# RECORDS SUPPLIED

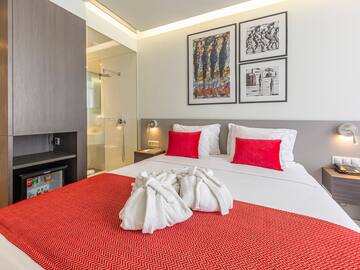 a bed with white towels and red pillows
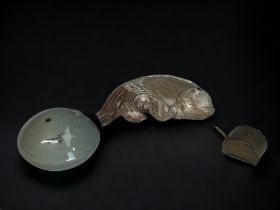 A CHINESE POTTERY 'FISH' SCROLL WEIGHT. Song / Tang dynasty? Together with two water droppers,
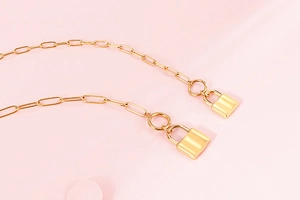 Close-up of golden titanium steel chain with delicate padlock pendants on pink background
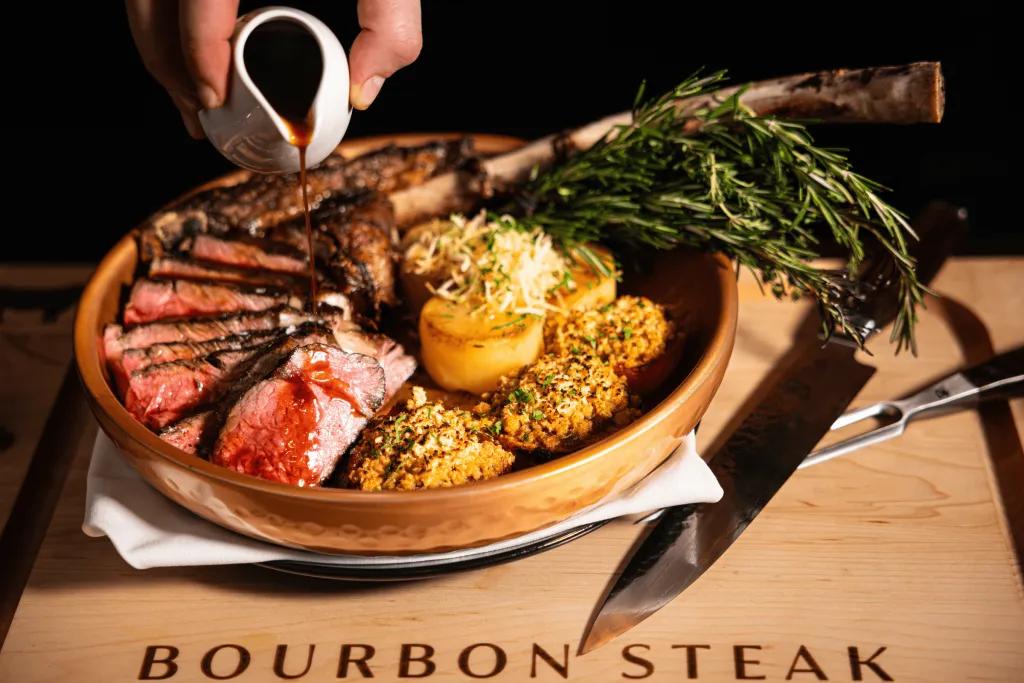 Wooden bowl full of steak cooked medium rare with potatoes and some vegetables.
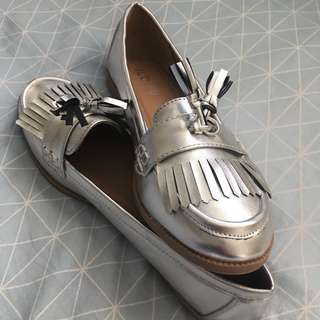 RUBI metallic tasseled flats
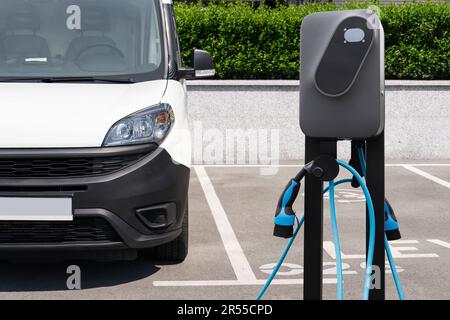 Elektrischer Lieferwagen mit Ladestation für Elektrofahrzeuge. Hochwertiges Foto Stockfoto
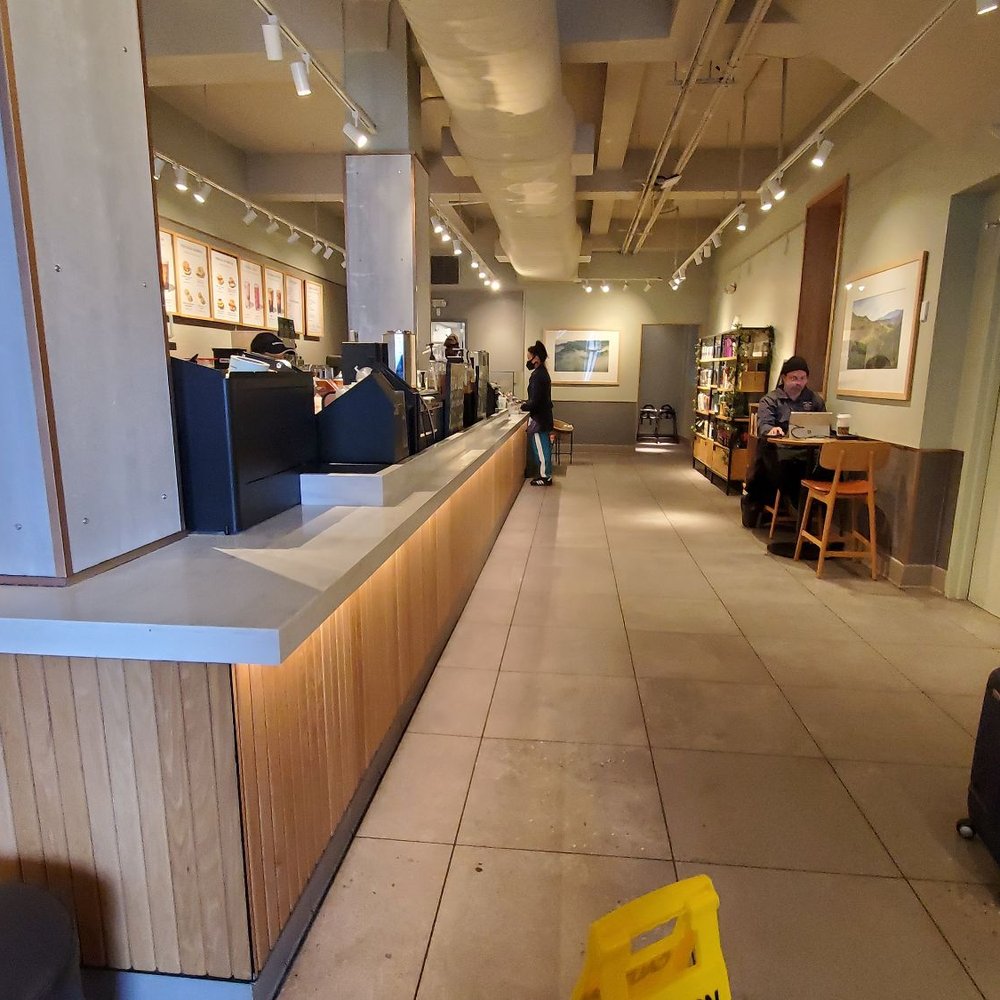 a woman sitting at a table in a coffee shop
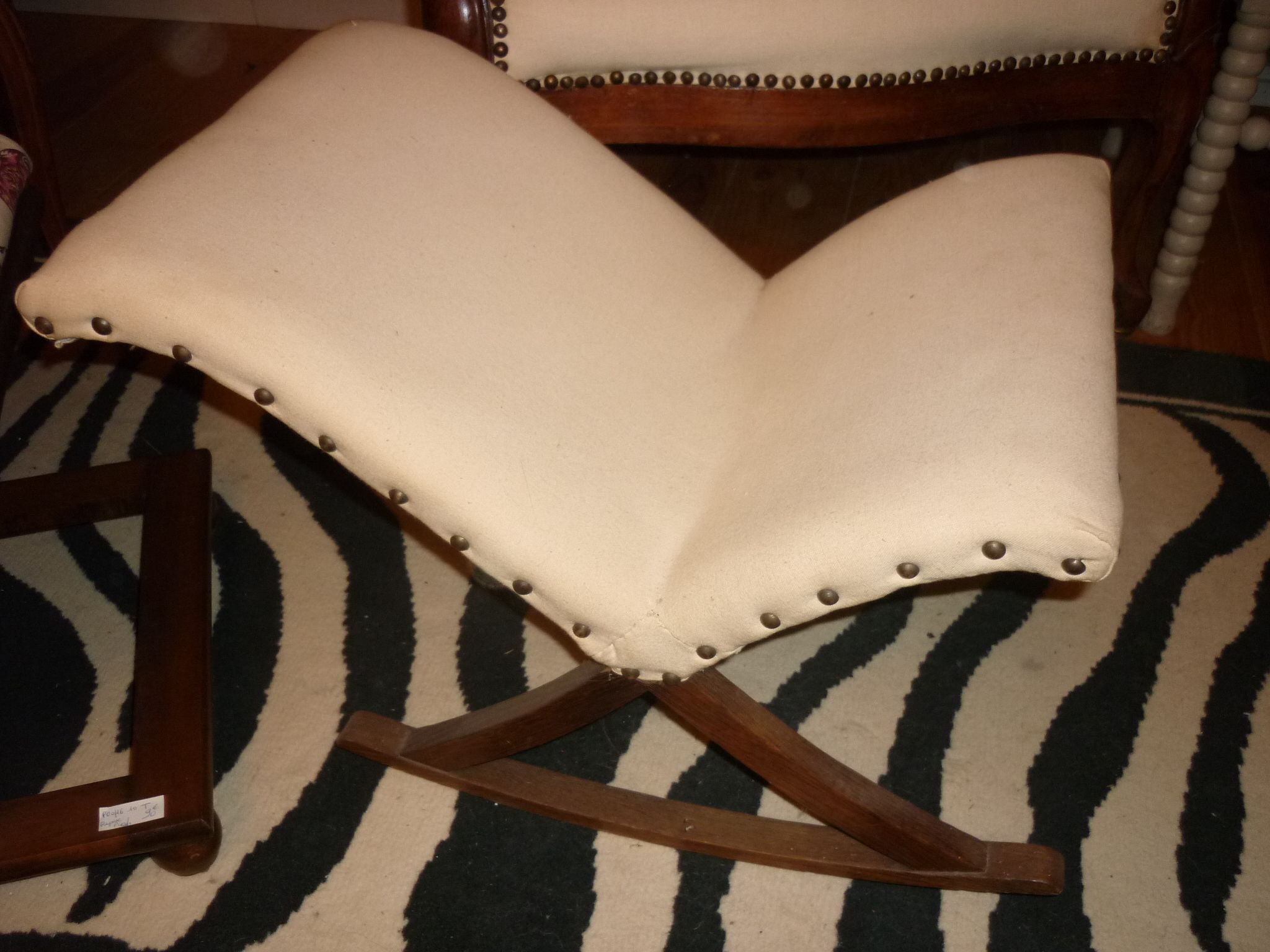 Armchair and its footrest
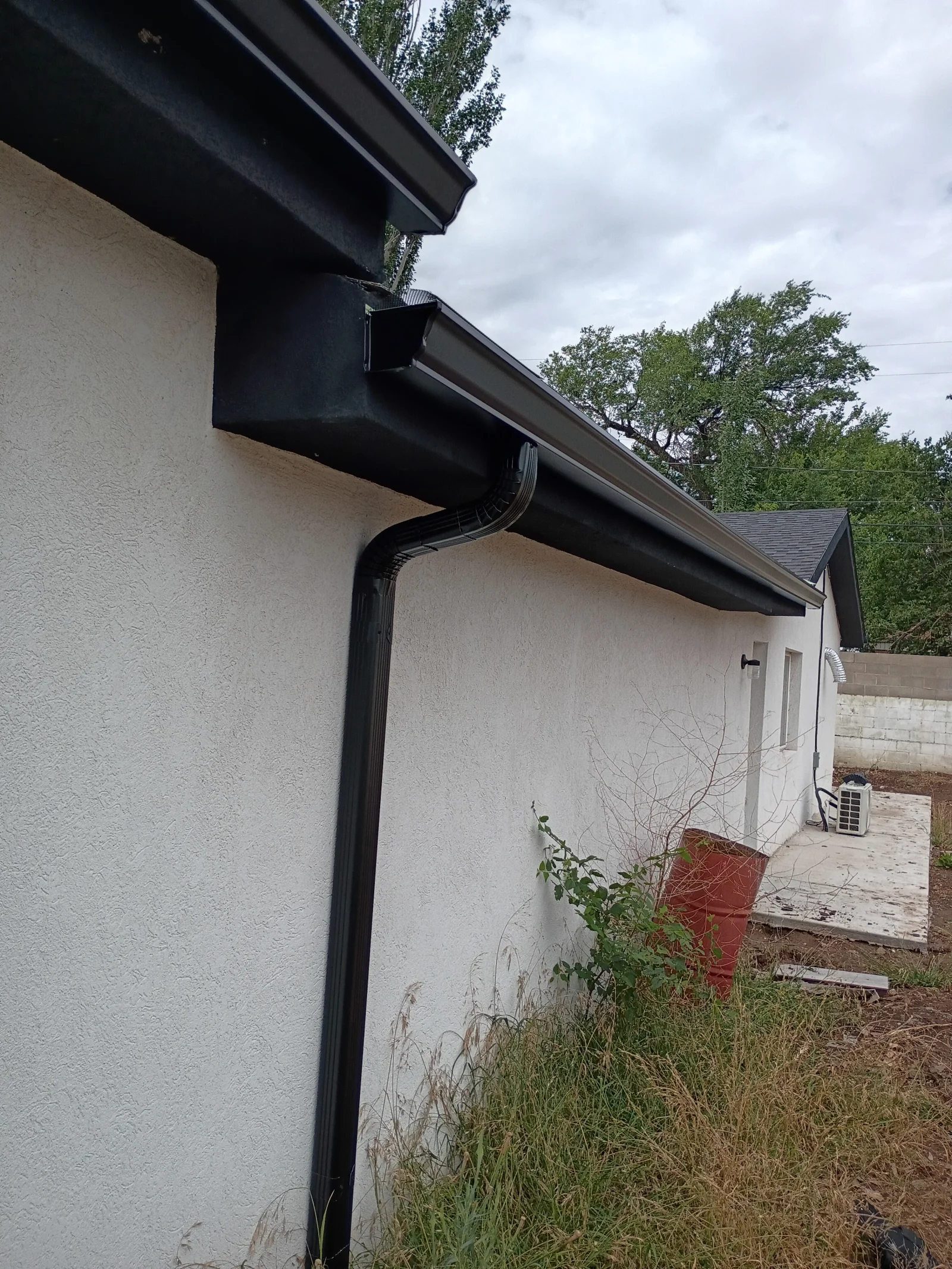 Black seamless gutters and downspout installed on white stucco residential building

# ASSIGNED TASK
Please repeat exactly the lines from the one containing "Close-up of golden" through the end of the entries, both included, omitting pictures.

# EXERCISE OUTPUT
 Close-up of golden titanium steel chain with delicate padlock pendants on pink background
 Wooden bowl full of steak cooked medium rare with potatoes and some vegetables.
 RUBI metallic tasseled flats
 Elektrischer Lieferwagen mit Ladestation für Elektrofahrzeuge. Hochwertiges Foto Stockfoto
 a woman sitting at a table in a coffee shop
 Armchair and its footrest
 Black seamless gutters and downspout installed on white stucco residential building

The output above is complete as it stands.